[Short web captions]
◇ ◇ ◇
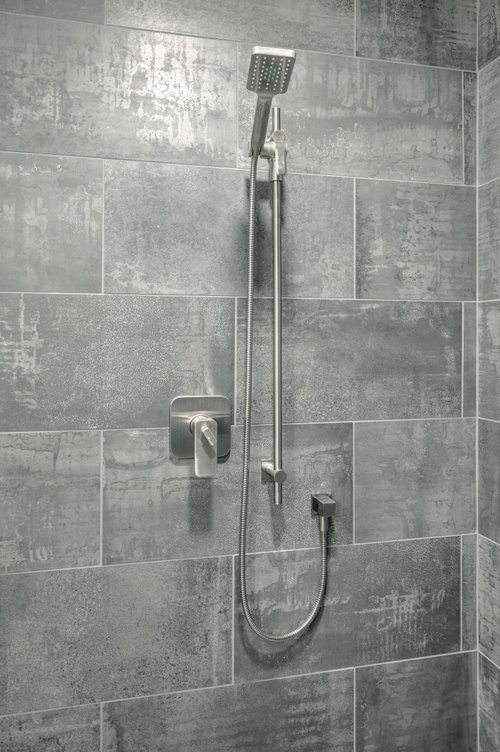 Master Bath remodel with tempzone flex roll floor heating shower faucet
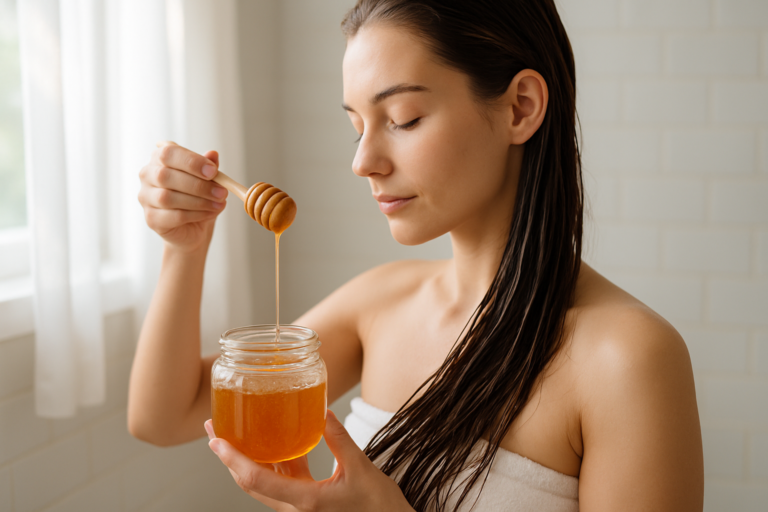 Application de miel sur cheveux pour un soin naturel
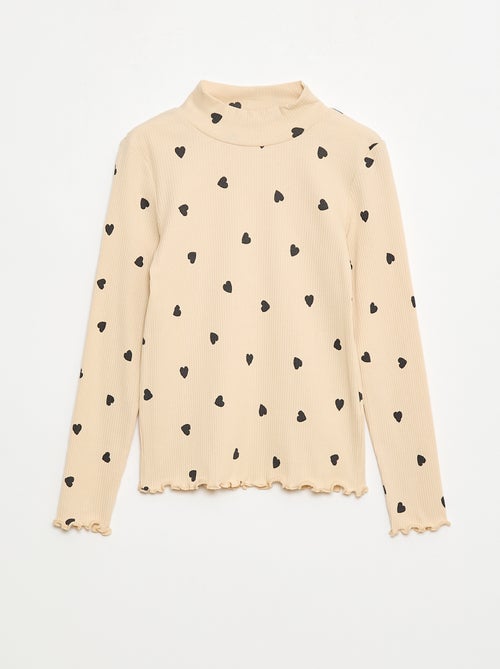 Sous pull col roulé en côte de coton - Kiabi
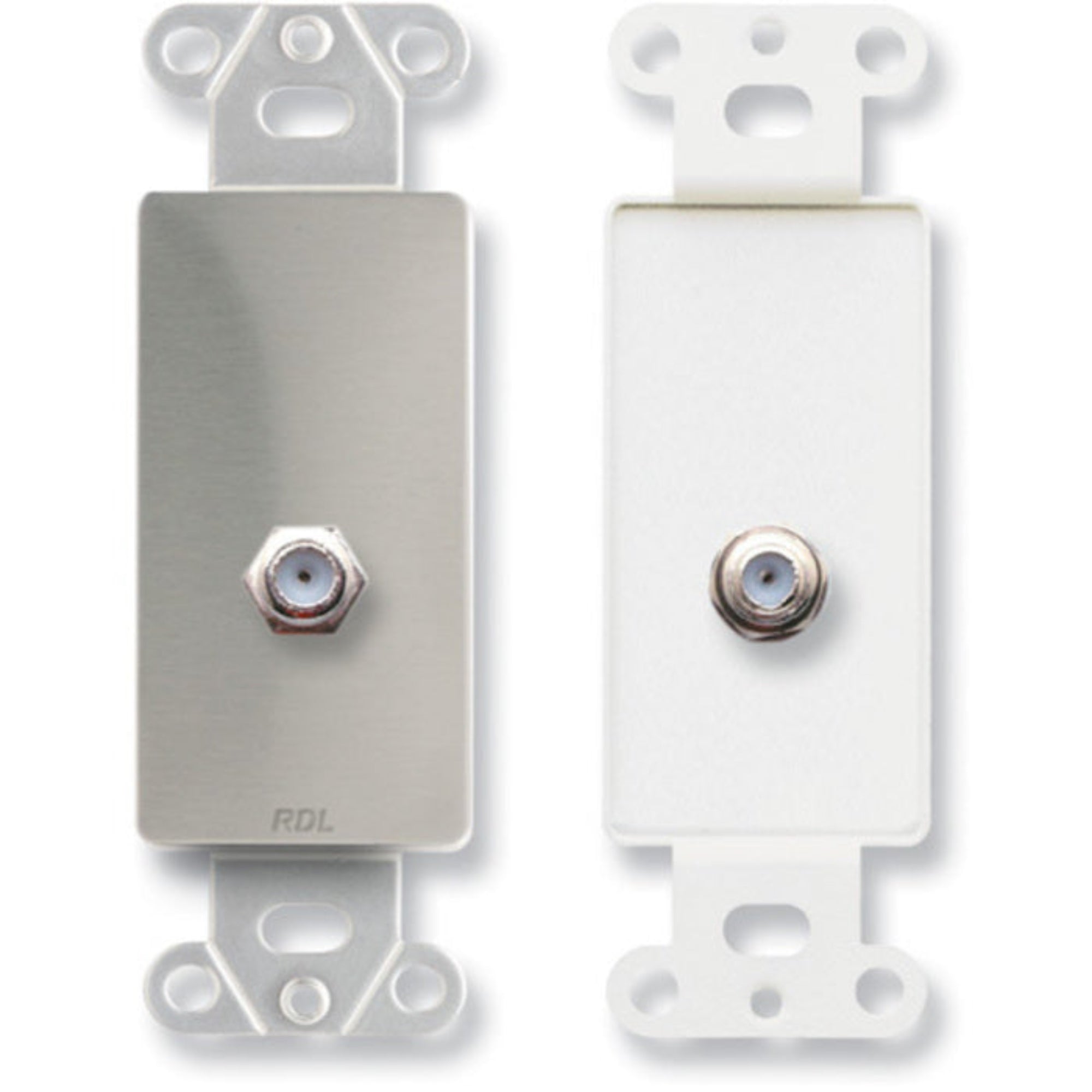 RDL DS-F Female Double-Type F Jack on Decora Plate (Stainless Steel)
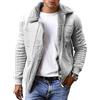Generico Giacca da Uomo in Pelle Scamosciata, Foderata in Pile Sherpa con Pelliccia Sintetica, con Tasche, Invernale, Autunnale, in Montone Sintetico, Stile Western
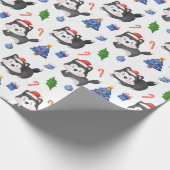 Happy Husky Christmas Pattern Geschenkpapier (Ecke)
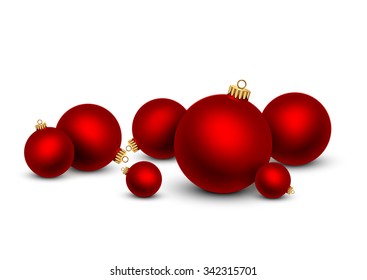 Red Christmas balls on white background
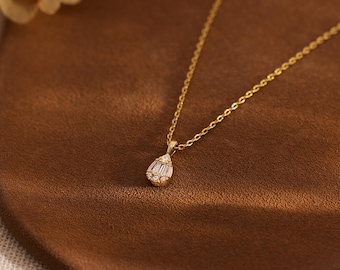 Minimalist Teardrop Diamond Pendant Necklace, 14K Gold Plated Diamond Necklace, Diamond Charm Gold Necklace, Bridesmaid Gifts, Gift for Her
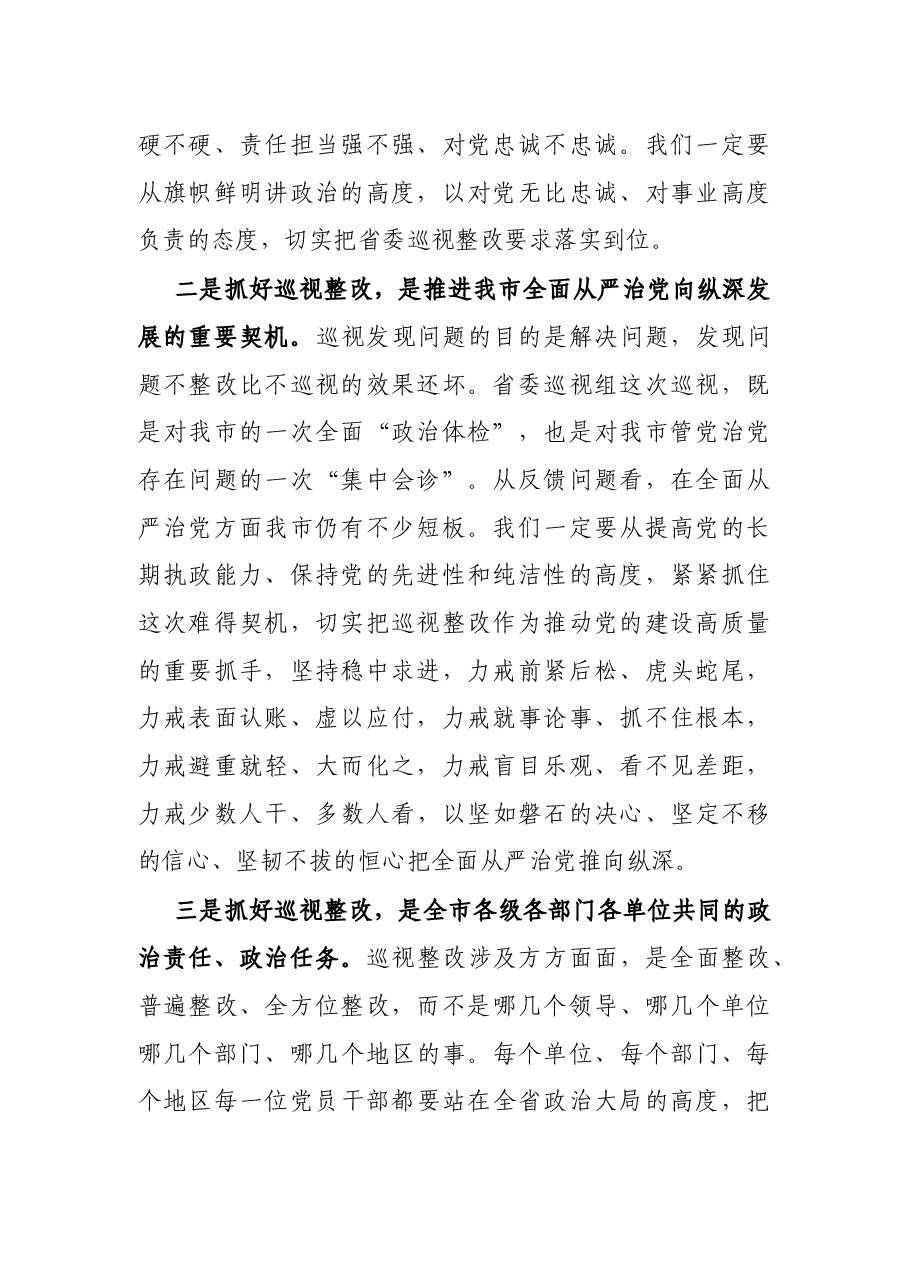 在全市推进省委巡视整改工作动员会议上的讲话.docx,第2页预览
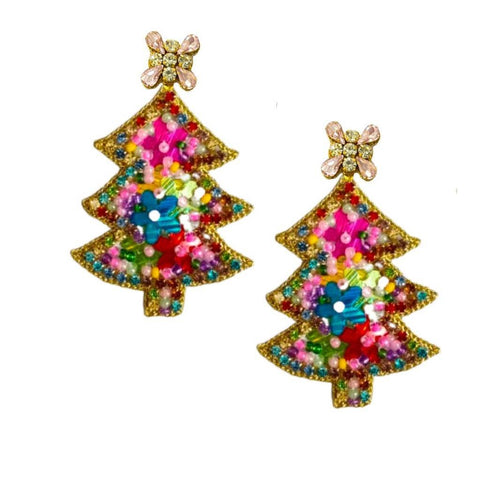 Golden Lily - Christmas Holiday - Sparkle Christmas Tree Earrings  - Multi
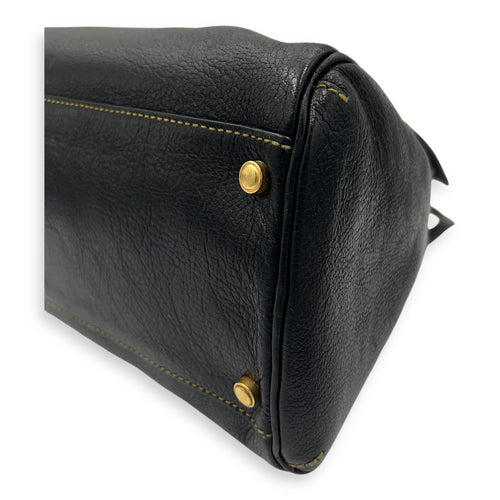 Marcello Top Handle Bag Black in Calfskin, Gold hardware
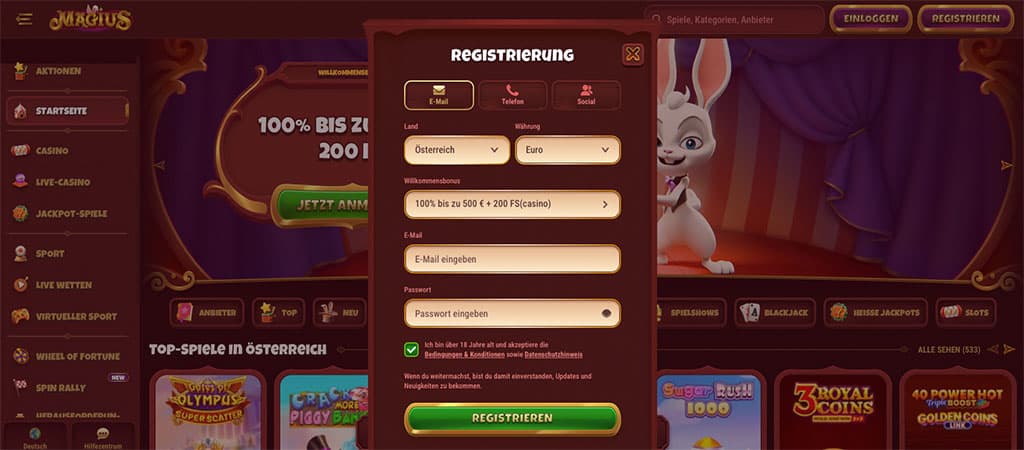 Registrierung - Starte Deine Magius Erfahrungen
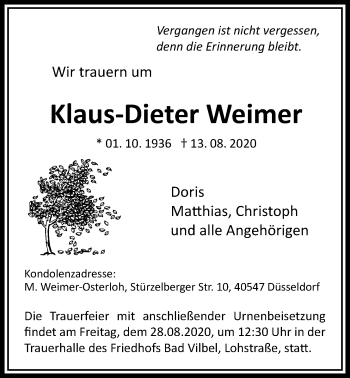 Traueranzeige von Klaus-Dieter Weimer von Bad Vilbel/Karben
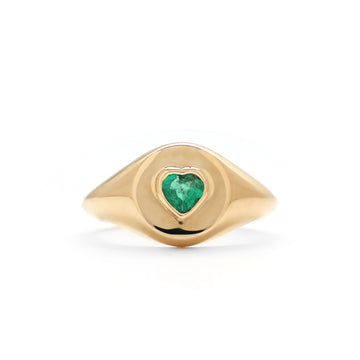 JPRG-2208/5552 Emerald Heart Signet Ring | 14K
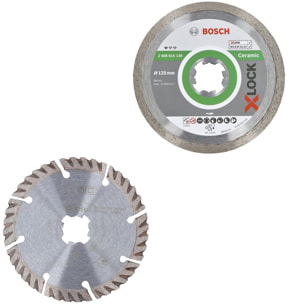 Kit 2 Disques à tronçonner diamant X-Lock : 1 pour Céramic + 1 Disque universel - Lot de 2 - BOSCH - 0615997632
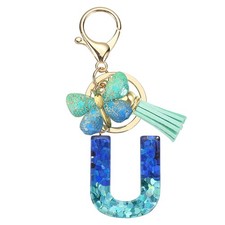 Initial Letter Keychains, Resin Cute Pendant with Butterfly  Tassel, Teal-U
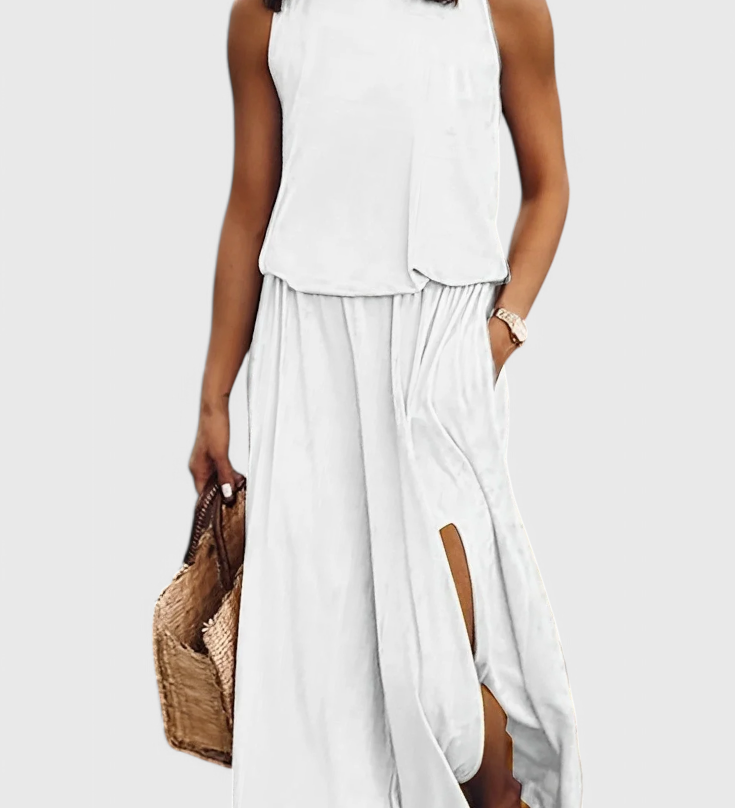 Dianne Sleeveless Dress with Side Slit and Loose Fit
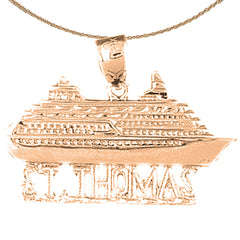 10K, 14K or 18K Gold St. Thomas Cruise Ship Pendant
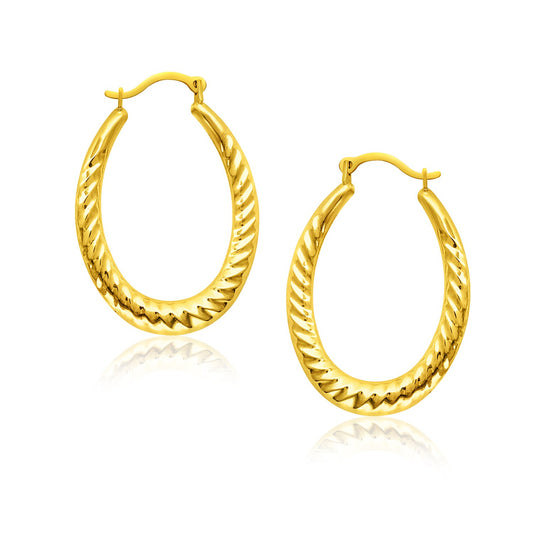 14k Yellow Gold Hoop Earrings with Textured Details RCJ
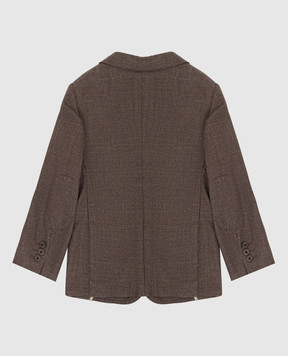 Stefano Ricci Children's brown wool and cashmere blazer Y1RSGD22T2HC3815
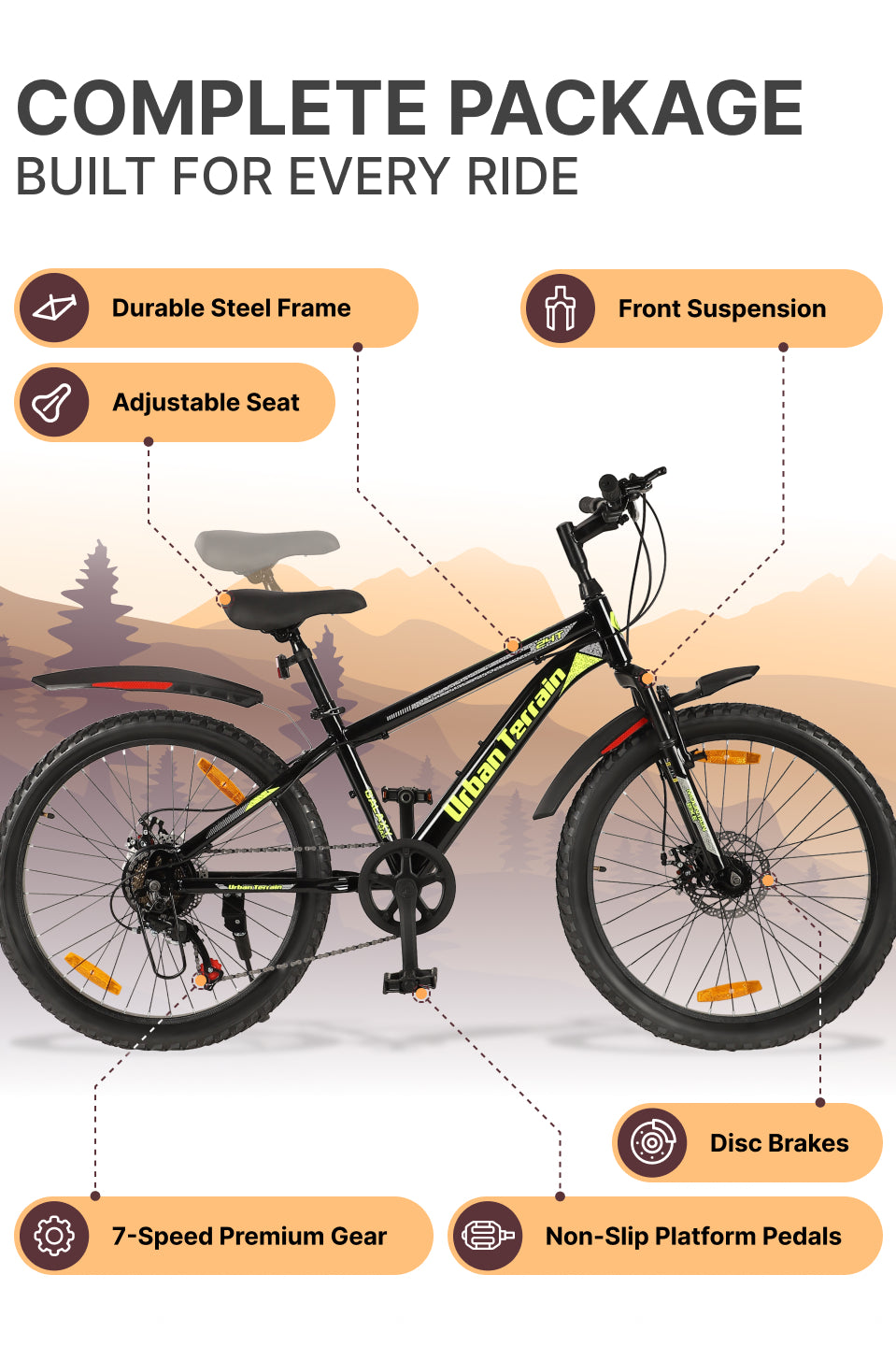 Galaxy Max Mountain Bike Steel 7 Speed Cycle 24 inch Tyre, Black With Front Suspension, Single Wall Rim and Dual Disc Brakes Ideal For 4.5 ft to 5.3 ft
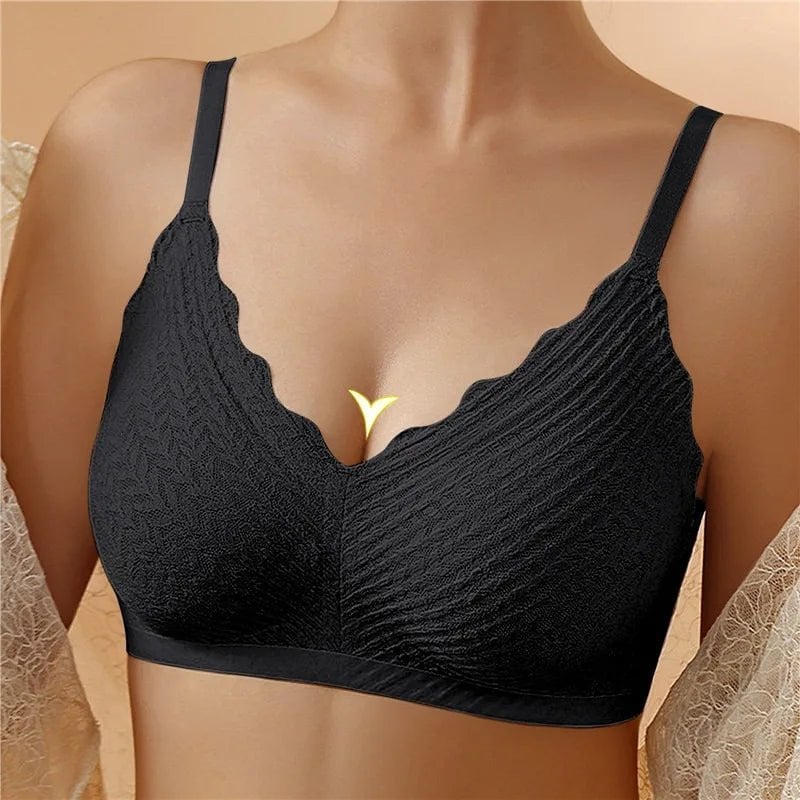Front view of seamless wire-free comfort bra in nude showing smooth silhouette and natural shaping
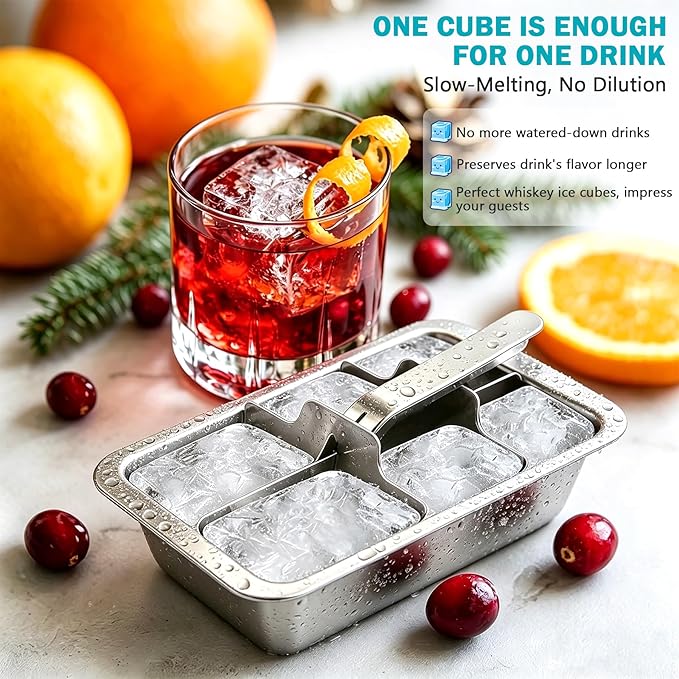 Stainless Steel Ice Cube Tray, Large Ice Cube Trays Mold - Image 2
◇ ◇ ◇
→ **EXERCISE REQUIREMENTS**
Please print the lines above word for word, starting at the one with "Minimalist Teardrop Diamond" and ending at the one with "Registrierung - Starte", both included, and without any picture.

→ **TASK OUTPUT**
 Minimalist Teardrop Diamond Pendant Necklace, 14K Gold Plated Diamond Necklace, Diamond Charm Gold Necklace, Bridesmaid Gifts, Gift for Her
 在全市推进省委巡视整改工作动员会议上的讲话.docx,第2页预览
 Golden Lily - Christmas Holiday - Sparkle Christmas Tree Earrings  - Multi
 Marcello Top Handle Bag Black in Calfskin, Gold hardware
 Registrierung - Starte Deine Magius Erfahrungen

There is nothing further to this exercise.